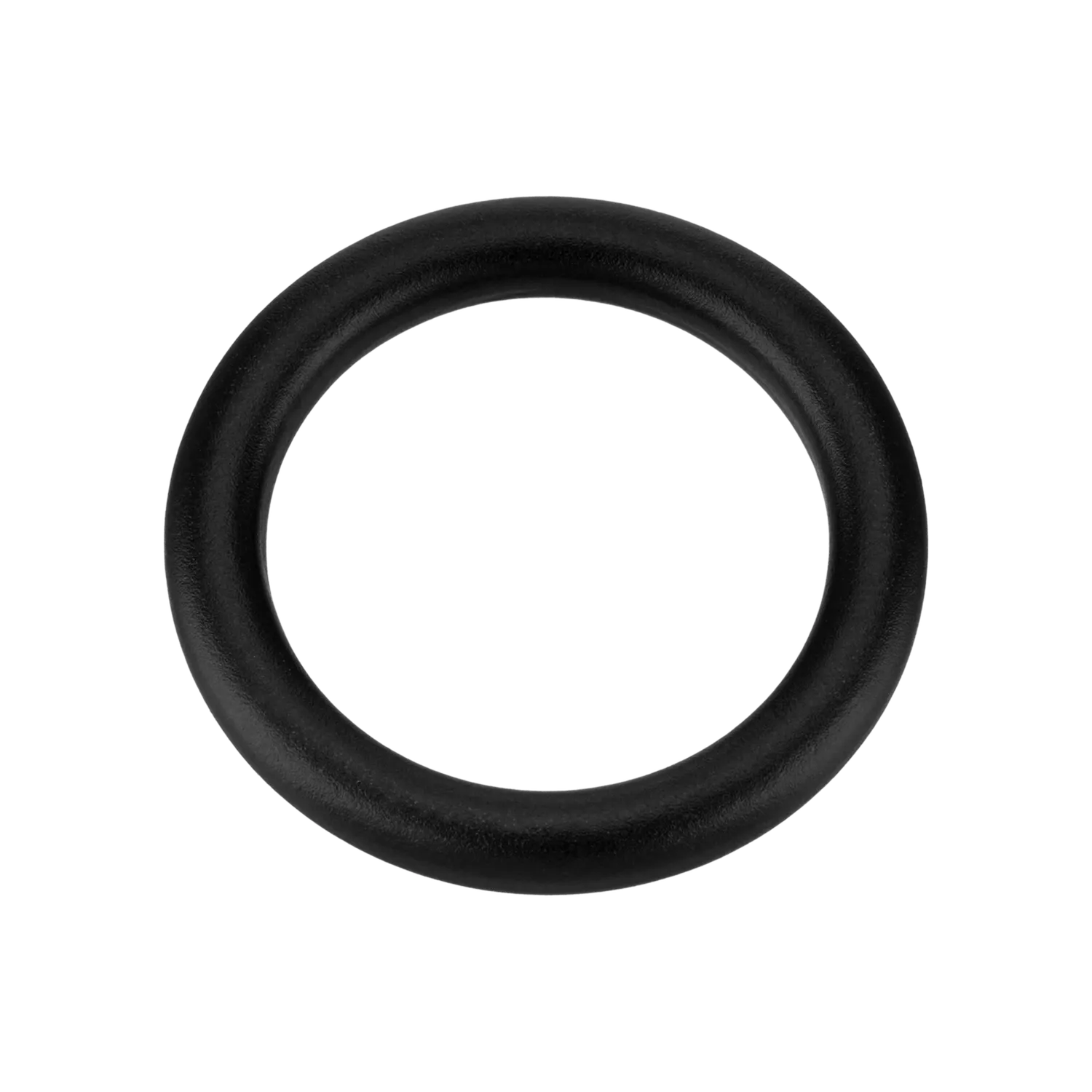 Herm Sprenger ring aluminium 25 mm bitring zwart
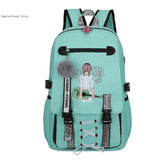 Casual Travel Bags Teenage 15Inch Notebook Backpack Bookbag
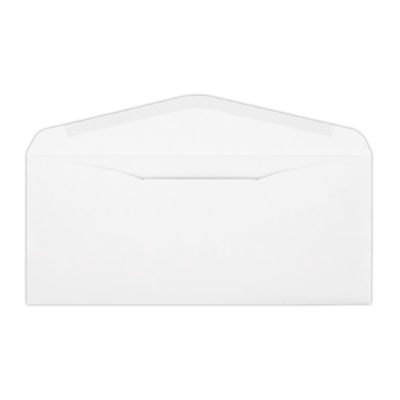#10 envelopes no tint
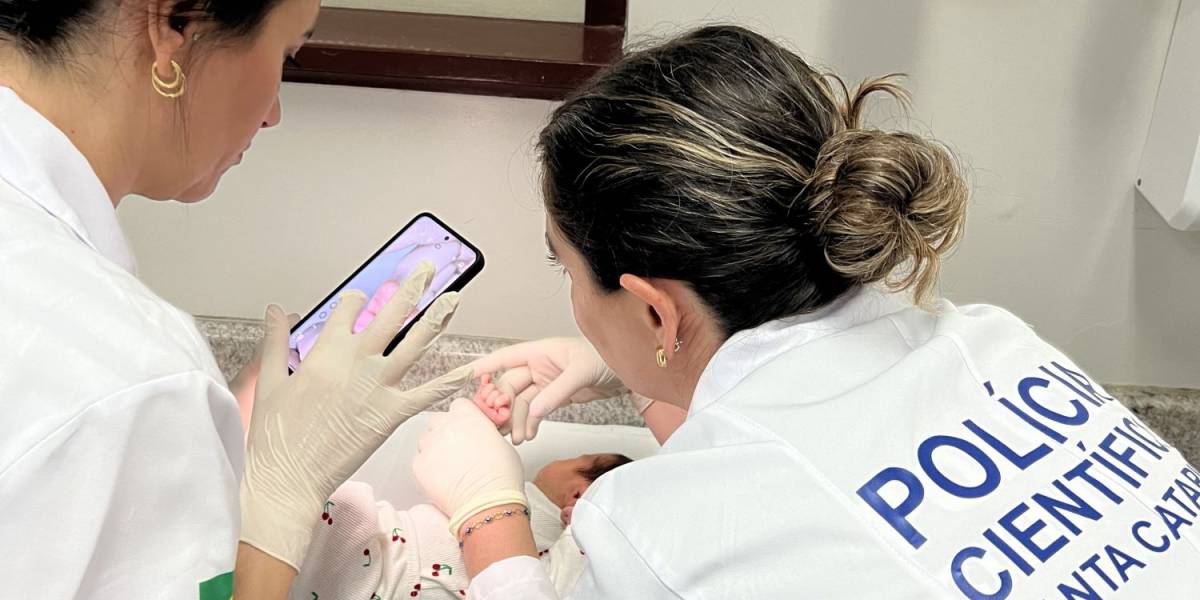 Emissão da Carteira de Identidade Nacional começa a ser testada em maternidades estaduais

Work item: Reproduce exactly the lines from the one with "Casual Travel Bags" to the bottom of the listing, both ends included, and nothing else. Skip the pictures.

Reply to the exercise:
 Casual Travel Bags Teenage 15Inch Notebook Backpack Bookbag
#10 envelopes no tint
 Emissão da Carteira de Identidade Nacional começa a ser testada em maternidades estaduais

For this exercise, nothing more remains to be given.